2. Experimental group 2 - patients diagnosed with myalgia subjected to 8 EMG-Biofeedback trainings. The group will include approximately 20 adults.
3. Control group - patients diagnosed with myalgia subjected to physiotherapy (manual therapy), stabilization splint usage and counseling (20 adults).
3. Methods:
Adult patients diagnosed with masticatory muscles myalgia will be included in this study. All participants will be evaluated in accordance to the Diagnostic Criteria for Temporomandibular Disorders (DC/TMD). Intensity of pain in the masticatory muscles will be defined using the Numerical Rating Scale (NRS). The pressure pain threshold (PPT) will be assessed with an dolorimeter and noticed on DC/TMD pain drawing diagram. Each of the qualified patients will also undergo the electromyography of temporal and masseter muscles. All participants will fill in questionnaires (Graded Chronic Pain Scale (GCPS), Pittsburgh Sleep Quality Index (PSQI), Patient Health Questionnaire-9 (PHQ-9), Beck Anxiety Inventory (BAI) and Perceived Stress Scale-10 (PSS-10) and Somatic Symptom Scale-8 (SSS-8).
Patients qualified to the experimental groups will be divided in to 2 subgroups composed of 20 participants each.
Experimental group 1 will undergo a cycle of 4 meetings (1 per week) of 20 minute EMG-Biofeedback- assisted training decreasing the masseter and temporalis muscle tension. 10 minutes of training for each group of muscle.
Experimental group 2 will undergo a cycle of 8 meetings (1 per week) of 20 minute EMG-Biofeedback- assisted training decreasing the masseter and temporalis muscle tension. 10 minutes of training for each group of muscle.
Postcycle examination:
After completing the cycle, patients from the study group and control group will be reevaluated.
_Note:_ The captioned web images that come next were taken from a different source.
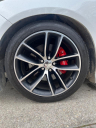 Thumbnail image of 2016 Dodge Charger at MPH Auto Group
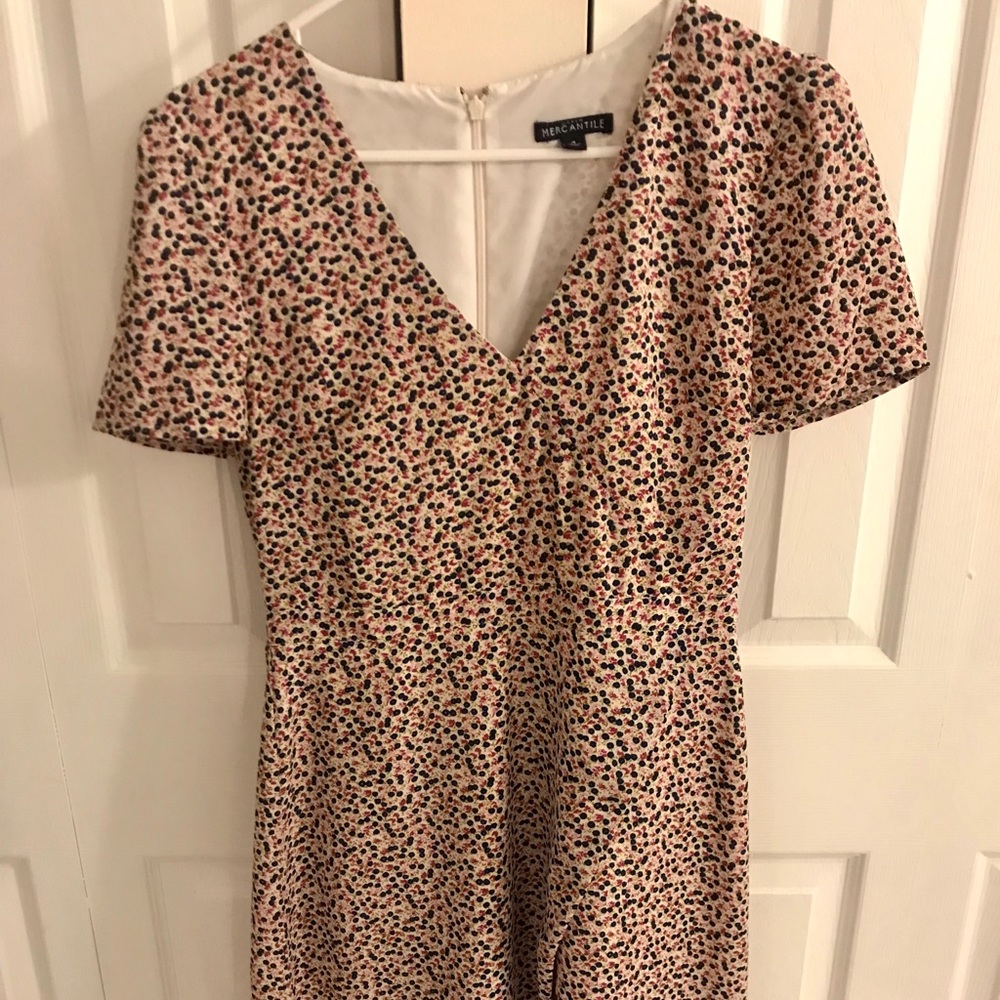 Adorable J. Crew - 4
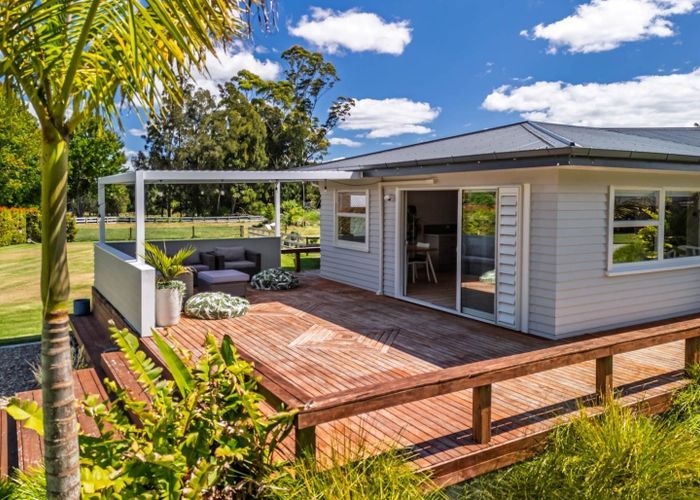  at Waipapa, Far North, Northland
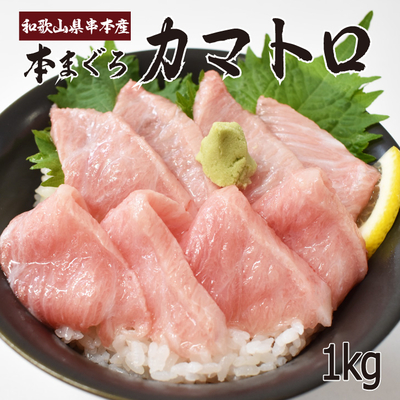 南紀鰹鮪本舗 串本食品のオンラインショップ 南紀鰹鮪本舗 串本食品のオンラインショップ
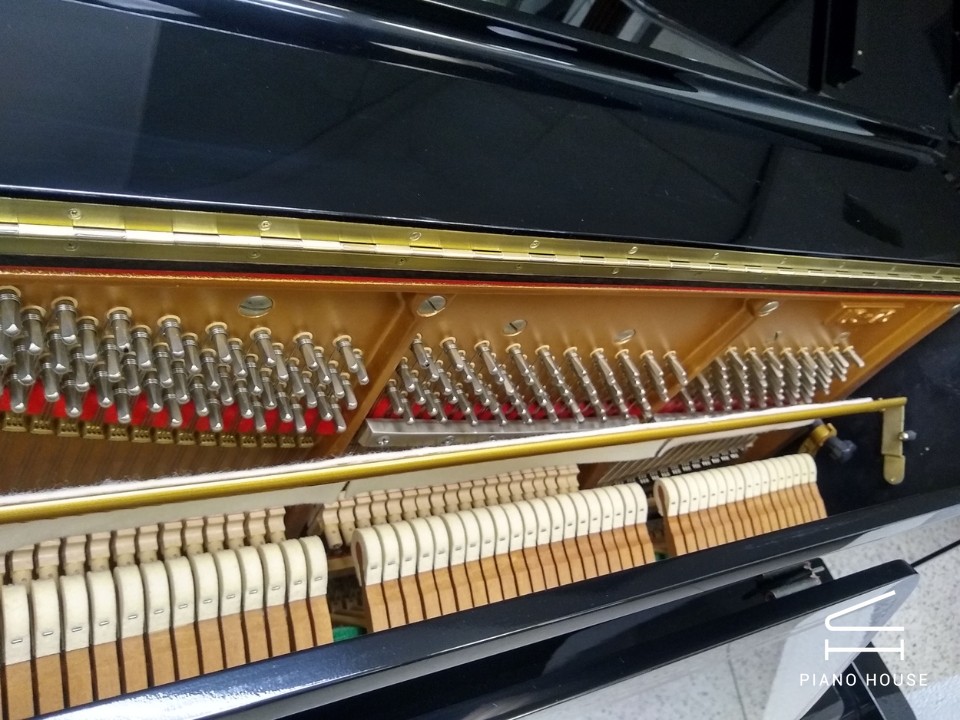 navy ostrich watch bands (4)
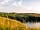 Pencarnan Farm Caravan and Camping Site: Local area
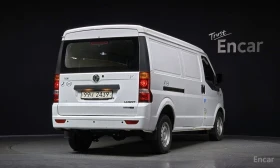DONGFENG V9 - 8640 € / 16898.37 лв. - 84305749 2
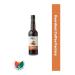 Unicomix Caramel Syrup - 700 Ml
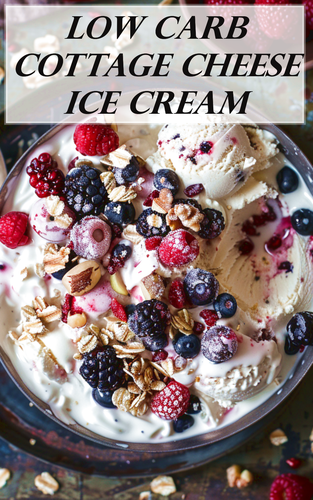 leonrud photorealistic natural self made low carb cottage che b41e1b63 ad52 4d0e b74d 6c4c330e7070 0.png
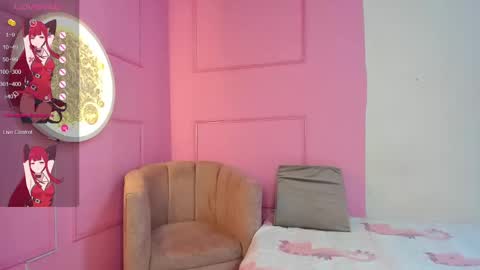 missangeldust online show from 27, 1, 2025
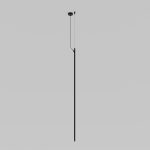 Шинопровод Technical TRX233-VL-1B — изображение 3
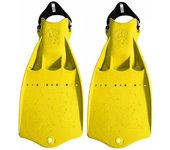 Dive System Aletas De Buceo Tech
All participants will be evaluated in accordance to the Diagnostic Criteria for Temporomandibular Disorders (DC/TMD). Intensity of pain in the masticatory muscles will be defined using the Numerical Rating Scale (NRS). The pressure pain threshold (PPT) will be assessed with an dolorimeter and noticed on DC/TMD pain drawing diagram. Each of the qualified patients will also undergo the electromyography of temporal and masseter muscles. All participants will fill in questionnaires (Graded Chronic Pain Scale (GCPS), Pittsburgh Sleep Quality Index (PSQI), Patient Health Questionnaire-9 (PHQ-9), Beck Anxiety Inventory (BAI) and Perceived Stress Scale-10 (PSS-10) and Somatic Symptom Scale-8 (SSS-8).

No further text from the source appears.